Planetary protection has been around for decades, but the topic is becoming more complex and critical. As NASA’s Mars ambitions ramp up, including robotic missions to return samples from the planet and, eventually, human missions there, protecting both any Martian biosphere from terrestrial organisms, and future human inhabitants from Martian organisms, becomes a growing factor in mission planning. At the same time, private ventures like SpaceX have their own Mars mission plans, with views towards planetary protection that may differ from NASA.

“Don’t you just cancel planetary protection once humans set foot on Mars?” one committee member asked. “Good luck keeping it clean.”

The National Academies started earlier this year a study titled “Review of Planetary Protection Policy Development Processes,” funded by NASA. A committee is examining the history of development of planetary protection policies and their current status, with a goal offering recommendations “on how to assure the planetary protection policy process is supportive of future scientific and societal interests, as well as spaceflight missions.”

At a meeting of the study committee last month in Washington, issues involving both NASA and commercial missions, to Mars in particular, were at the heart of panel discussions.

NASA has a well-established process for implementing planetary protection for robotic Mars missions, but the agency is thinking about how that would work for human missions. “Human-class landers are 20 metric tons,” said Rick Davis, assistant director for science and exploration in NASA’s Science Mission Directorate, comparing those spacecraft with robotic ones, which to date have weighed no more than one ton. “These are big, complex things that have lots of parts that really don’t bake very well.”

“Especially humans,” added one committee member.

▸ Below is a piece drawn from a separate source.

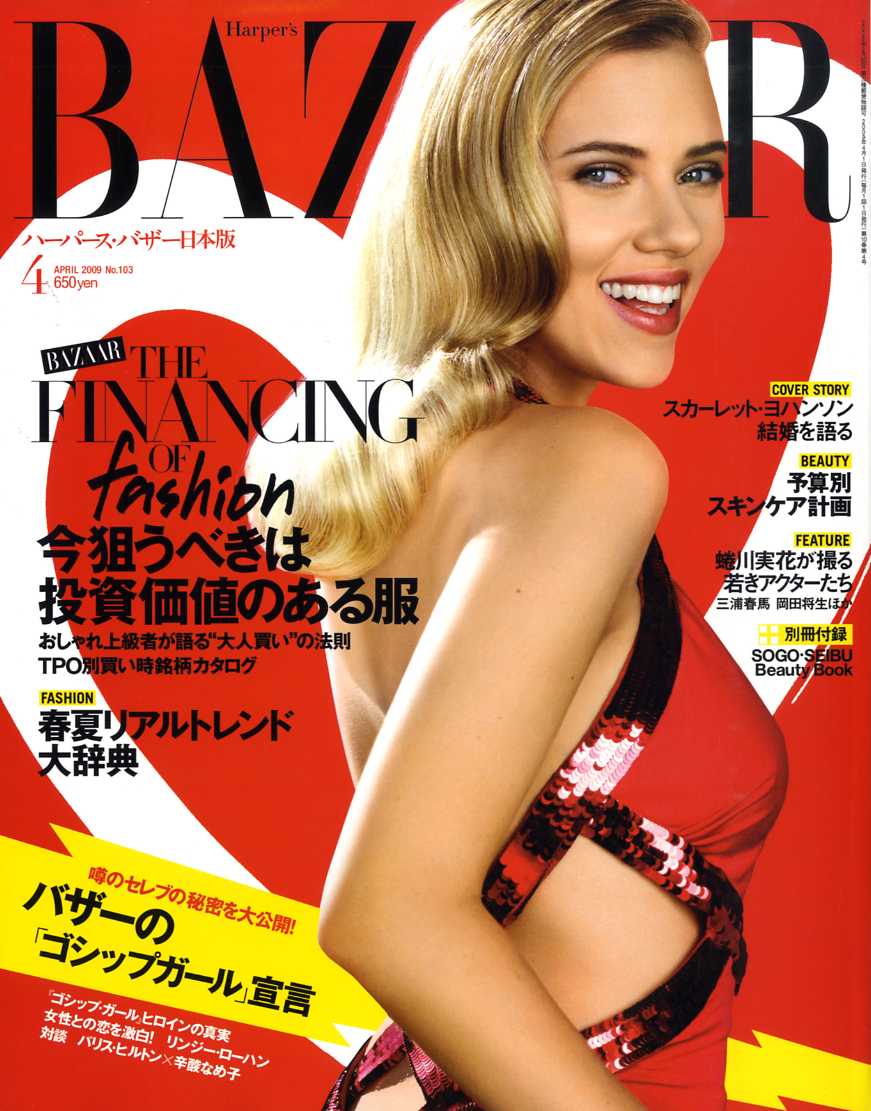 Scarlett Johansson leaked wallpapers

The discussion between Davis and the committee illustrated one of the challenges of planetary protection for human Mars missions: how to avoid forward contamination of Mars while still doing useful exploration, particularly of so-called “special regions” that may have water and would be particularly hospitable to any life there today. Davis appeared ready to take on that challenge head-on, even if it’s not clear yet how to solve it. “I think we have to run to special regions problem and understand it,” he said.

Some committee members seemed skeptical that planetary protection protocols could remain in place once human exploration of the Red Planet begins. “Don’t you just cancel planetary protection once humans set foot on Mars?” one person asked during a presentation by Gale Allen, NASA acting chief scientist. “Good luck keeping it clean.”

Davis acknowledged that some changes would be required. “I really do not believe these systems can be held to those robotic standards,” he said of human landers. More data, he added, is needed on the Martian environment before making decisions on what tradeoffs can be made on planetary protection requirements that can be achieved for crewed vehicles. “I think we need to be looking at that transition plan more, and sooner, than what we are currently doing.”

He said that he was more concerned about backward contamination from Mars than forward contamination of Mars. “I don’t worry about backward contamination affecting the Earth. I worry about backward contamination affecting the crew,” he said. “We do owe those crews that go to Mars what I call a due diligence.”

NASA, meanwhile, is reconsidering how it places planetary protection within its organizational structure. The office had been located within the Science Mission Directorate, but at the committee meeting last month, Allen said the agency had recently decided to move it outside the directorate, placing it within the Office of Safety and Mission Assurance, classified as a “technical authority” within NASA.

“While we agreed that the planetary protection function can reside anywhere in the agency,” she said, “we determined that the planetary protection function should really fall under a technical authority.”

“I don’t worry about backward contamination affecting the Earth. I worry about backward contamination affecting the crew,” Davis said.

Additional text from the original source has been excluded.